It might seem surprising, and a little strange, that some LIDS professors take courses in addition to teaching them. Talk to Prof. Asuman Ozdaglar, though, and the reason couldn’t be more straightforward: she adds lecture attendance to her busy schedule because she “can’t stop learning.” That passion makes Ozdaglar, one of the lab’s newer faculty members, a great fit at LIDS. Asu, as most of her peers know her, brims with a palpable energy even when sitting still. She could almost be a student with her long blonde hair and quick smile, but a minute of talking with her reveals a self-assurance that belies her age.
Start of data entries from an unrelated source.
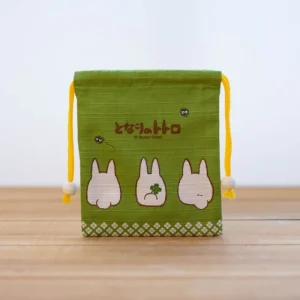 Sale Sacoche Tissu Verte Totoro Blanc - Mon Voisin Totoro Sacs
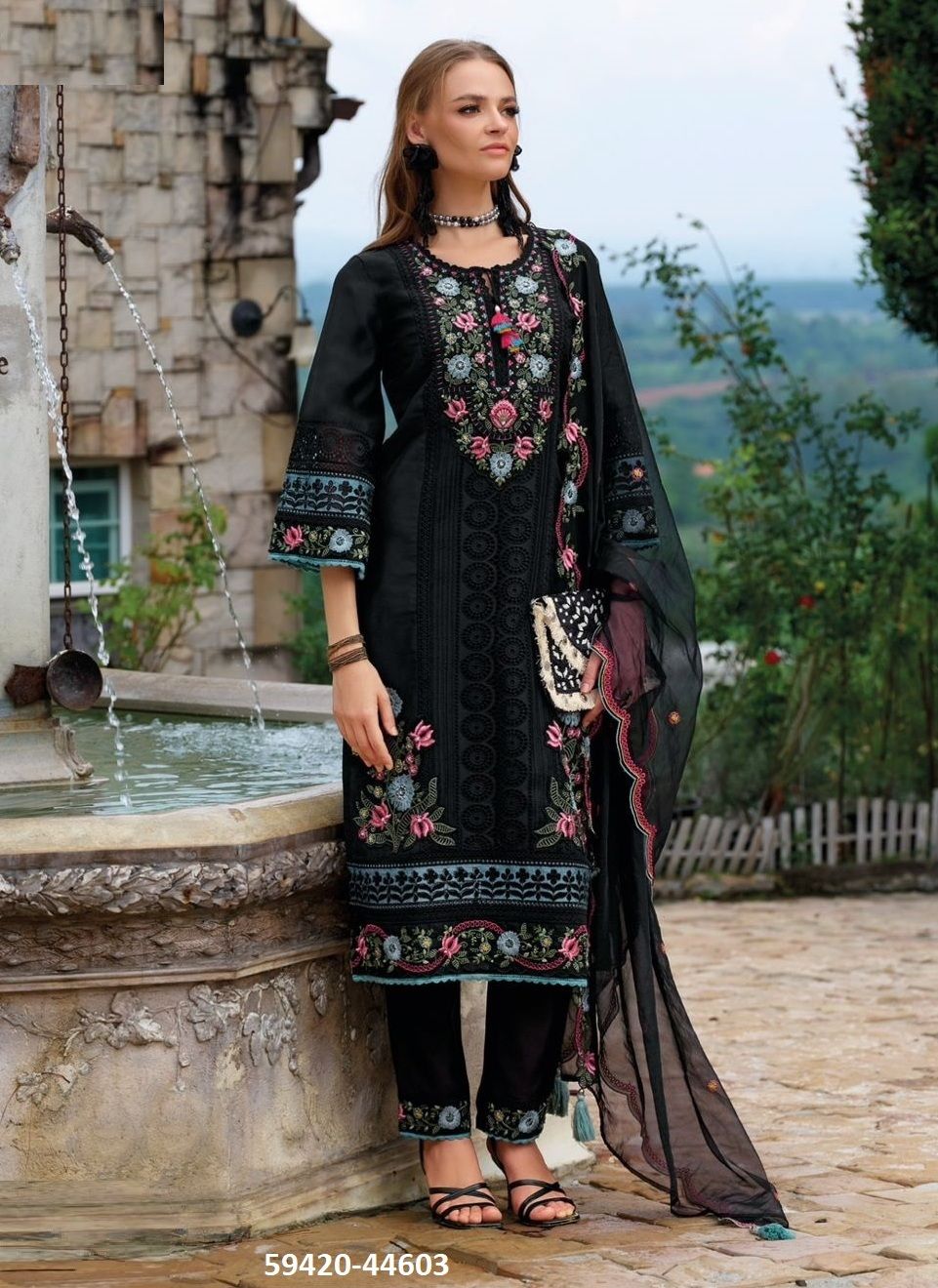 ESTIVA - Catalog # 59420 (Set of 5 Readymade Salwar Suits) by Brand KAILEE FASHIONS ESTIVA - Catalog # 59420 (Set of 5 Readymade Salwar Suits) by Brand KAILEE FASHIONS
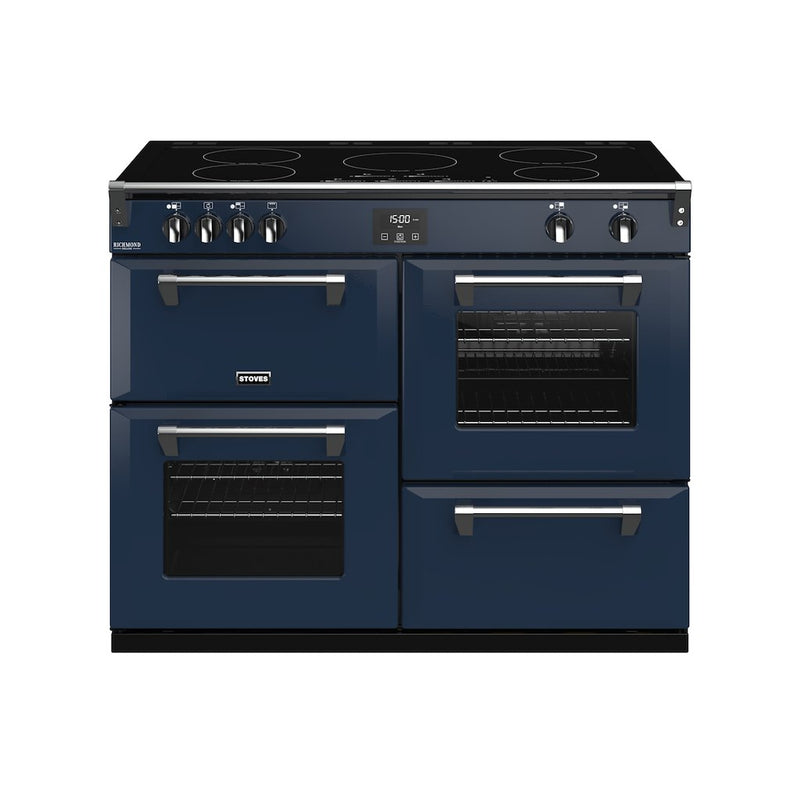 Stoves ST RICH DX S1100Ei CB MBL 110cm Electric Induction Range Cooker (Discontinued)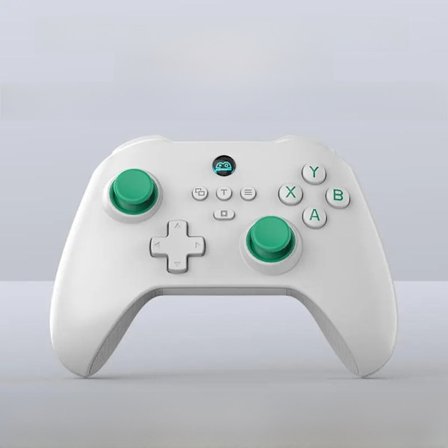 Hvit Z03 Trådløs Spillkontroller for PS4/PS3 Switch/PC/iOS/Android med Dobbel Joystick 6 Akser Gyro AUTO Ett Klikk Knapp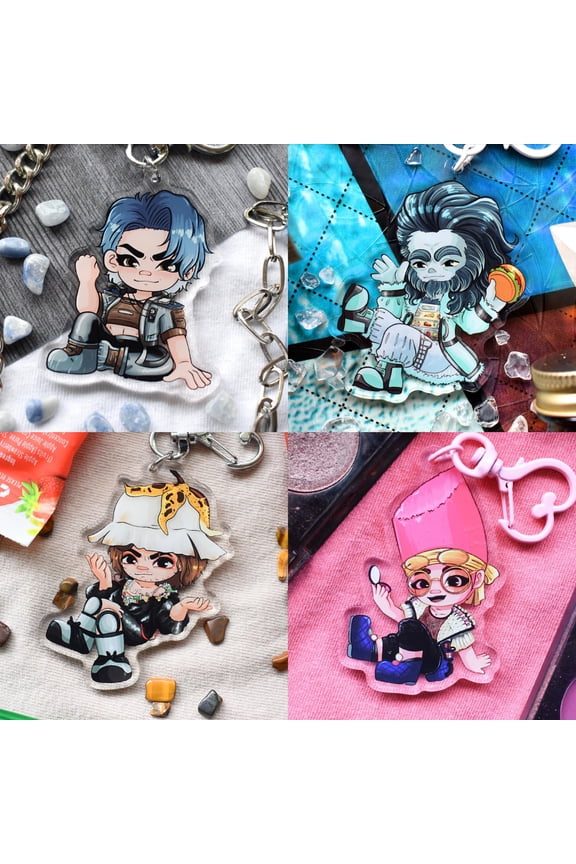 Date Everything ch Acrylic keychain 1 packs (A-M Characters!), random 1 pack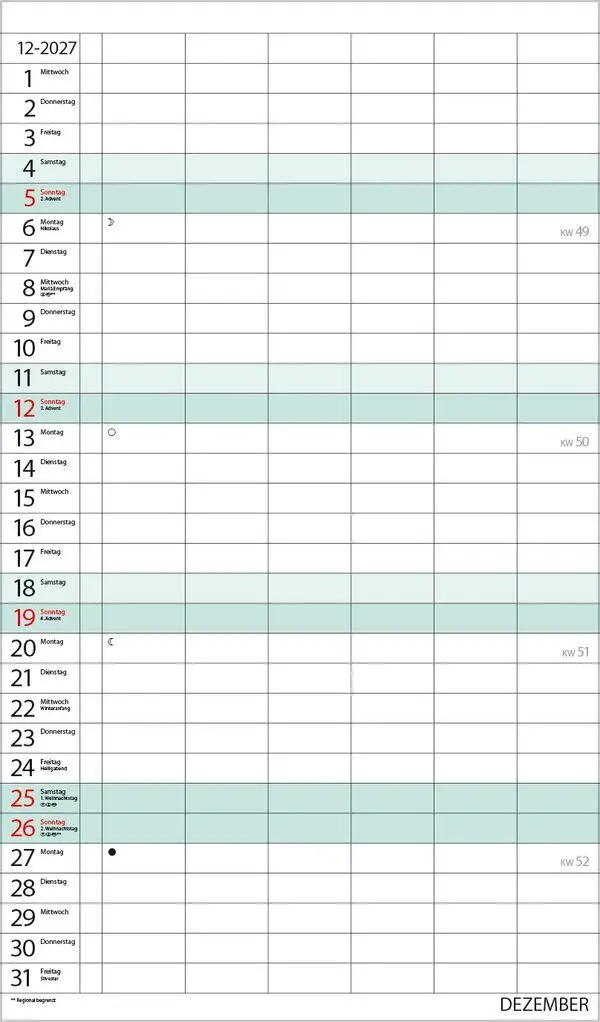 Bild: 9783819301513 | XL Familienplaner 2027 | Verlag Korsch | Kalender | 14 S. | Deutsch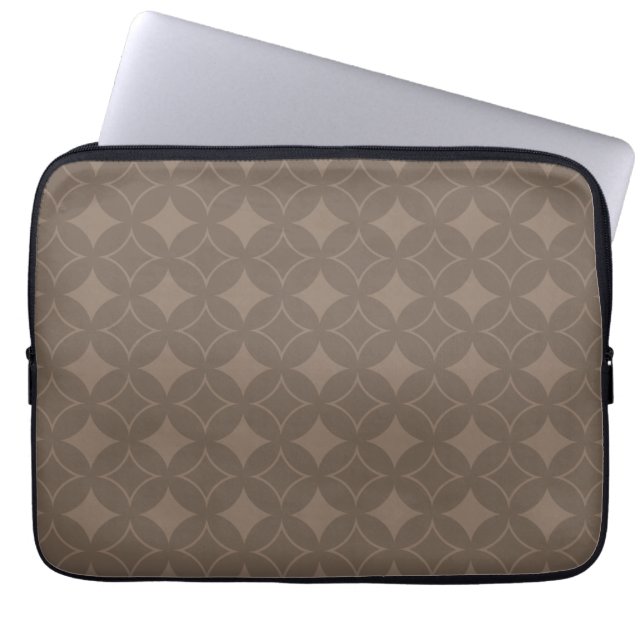 Taupe Shippo Laptopschutzhülle (Vorderseite)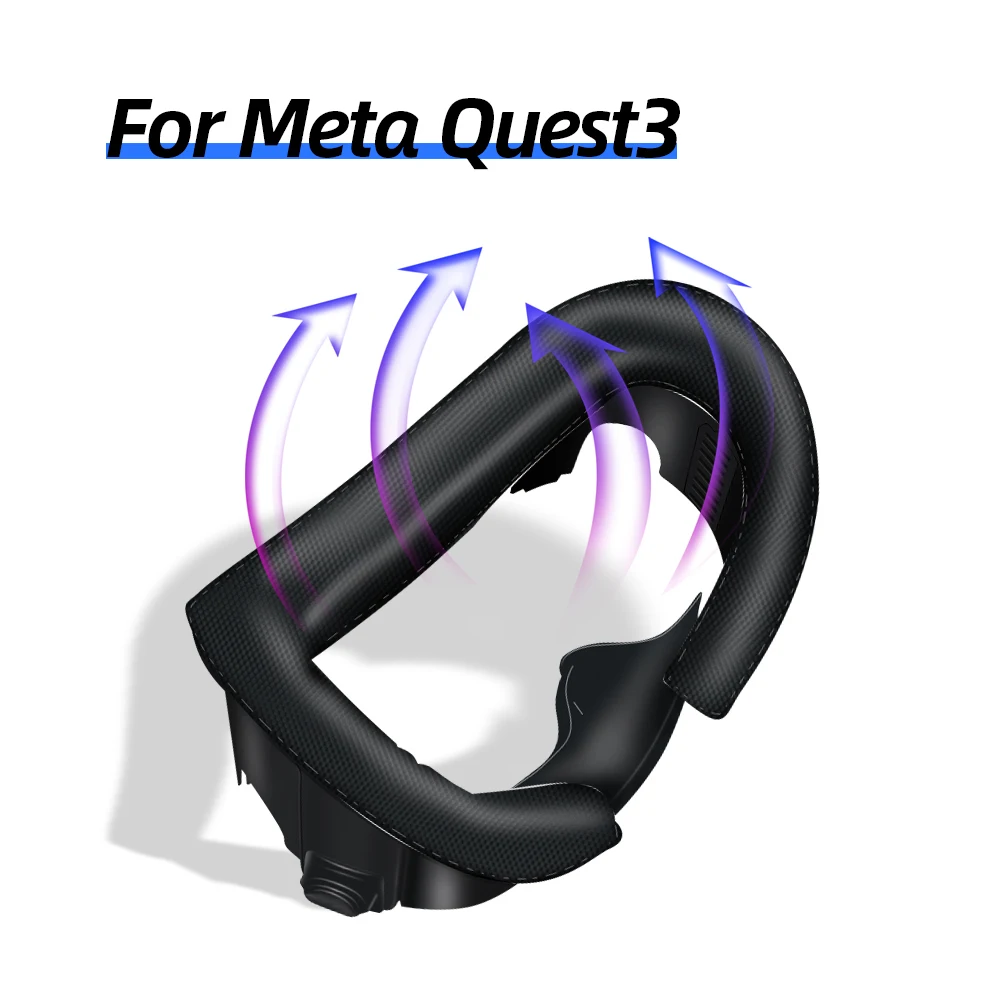 

For meta Quest3 Replacement Bracket Wide Face Mask Comfortable Breathable Ice Silk Fabric Replacement Pad VR Glasses Accessories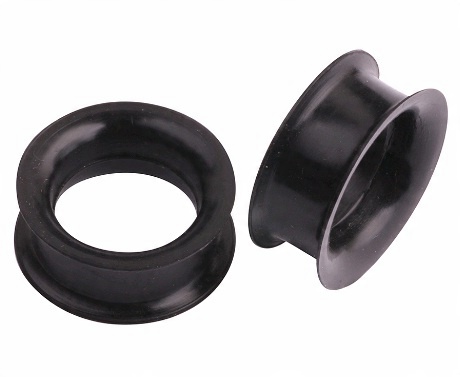 

Tunel Do Uszu Silikon Czarny Black 5MM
Asu may be relatively new to the faculty, but she isn’t new to LIDS or MIT. She came from Turkey’s Middle East Technical University to begin graduate work here, starting in RLE (Research Laboratory for Electronics), where she completed her Master’s. She then joined LIDS to work on her PhD with Professor Dimitri Bertsekas. Asu recounts that her transition from student to professor was much smoother than one might imagine. She admits that it did feel strange to walk into her first Area I faculty meeting and sit down among that small group of professors. “I wanted to sit somewhere in the corner so that nobody saw me!” She explains, laughing. “But they were very supportive.”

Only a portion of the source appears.